My Japanese friends in Kanazawa-City, Osaka and Kawasaki-City have sounded the alarm. Their beloved matsutake mushroom (Armillaria ponderosa) is no longer in bountiful supply. What used to be a celebration of the changing seasons from summer into fall and winter, marked with generous bowls of broth and slivers of the revered matsutake, has now become a concern for them due to the scarcity of domestically harvested matsutake.
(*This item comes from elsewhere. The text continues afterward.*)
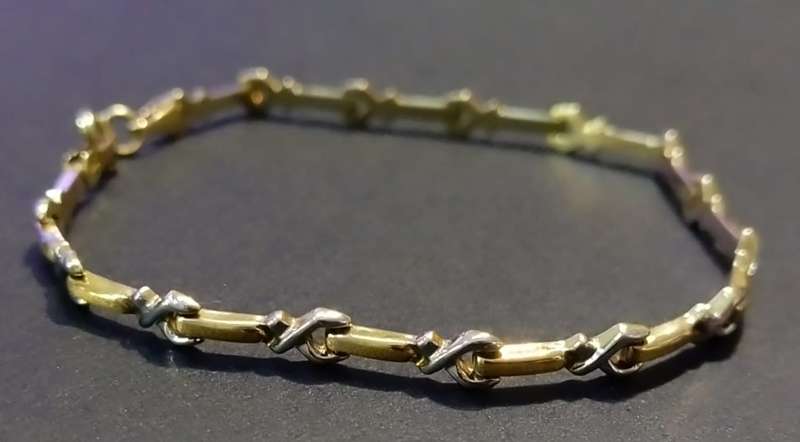 Beautiful `TWO TONE` 9ct Ladies Designer Bracelet.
Mushrooms can stir memories
of years gone by.
Without doubt there are alternatives to the Japanese harvested matsutake, but my friends believe that this imported product from the US, China, South Korea and elsewhere lacks the distinct flavor and aroma of the domestic matsutake. Distance takes its toll on the quality of the mushroom. They may be right, and I am truly sad for the diminished availability of their native matsutake.
Their comments brought back cherished memories of when my husband and I lived in Puget Sound and were members of Puget Sound Mycological Society (PSMS), long before the age of Zoom. Each fall we would toast our Japanese friends in absentia with bowls of matsutake soup created from a recipe in the PSMS 1969 cookbook, Wild Mushroom Recipes … my goodness that was a long time ago, but the memories of those occasions are as poignant and lingering as matsutake as the tongue.
Matsutake Soup
3 cups water
1 piece dashi konbu 3-inch x 4-inch
1/2 cup dried bonito flakes (katsuobushi)
Matsutake slices (Use just the buds, cut lengthwise)
1 teaspoon salt
1 tablespoon Japanese soy sauce
1/4 teaspoon Accent
3 tablespoons mirin wine
- Measure 3 cups cold water into a pan. Add konbu and bring to a boil. Remove konbu. Add dried bonito shavings and boil for 3 minutes. Remove pan from heat. Let stand until bonito settles to the bottom, then strain.
- Bring the clear broth back to a boil. Add mushroom slices and simmer for 5 minutes. Add salt, soy sauce, Accent and wine.